Shortly after breakfast yesterday, not long after our confrontation, I caught Jesus Snort (I feel bad using jokey nicknames now that I’m getting to know these people a bit more) as he was walking by my bed and said, “Hey, I’m sorry I reacted sarcastically earlier, but can I tell you why I was offended?” And he sat down and I tried to explain how my ears had pricked up when I heard the gay prison joke in the same way that his ears might prick up if he’d heard me making a joke about black people and watermelon, that the joke reinforces the stereotype of gay man as sexual predator, etc. He said he understood, and then he shared a very poignant story about his childhood and some gay people in his life. He said, “I don’t have any problems with gay people. I don’t judge anyone in that lifestyle. My faith tells me not to.”
I almost started the conversation about how referring to an essential, immutable aspect of a person’s being as a “lifestyle” is insulting or at least ignorant. But I let it go for the time being. We had had our moment, and I wanted to leave it at that. For the time being.
The guy is a pretty interesting character. He had a religious conversation experience in prison (heard the voice of god, read the Bible cover to cover, the whole 9 yards) and when he got out devoted his life to taking care of homeless people, drug-addicts, and other cast-offs. He owns and operates some kind of boarding house for these people now.

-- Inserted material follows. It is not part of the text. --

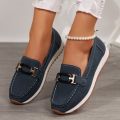 Spring New Women's Buckle Low-top Casual Shoes Fashion Round-toed Vulcanized Shoes Comfortable Slip-on Women's Flat Shoes.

(As an aside, I want to say that I’m hesitant to criticize the type of conversion story he tells, because it’s essentially the same story that I tell about how I discovered Buddhism and began meditating. The thing that I happened to discover was very very different, but the basic narrative is the same: I was at a low point, nothing I was doing made sense, all my tactics, all my tricks, all the things I’d learned to do to avoid pain, none of it worked any more, and in fact only brought me more pain, I felt sad and desperate. By some kind of serendipity, two books, one by Thich Nhat Hahn and one by Pema Chodron, landed in my lap, and their words -- because the circumstances of my life and my emotional state aligned to allow me to understand them with complete clarity -- changed my mind and heart forever. I didn’t hear any voices, but it was still pretty dramatic. I call it a conversion experience, absolutely. I’m different now. I live my life differently, and I believe I am essentially different from who I was before that experience. So.)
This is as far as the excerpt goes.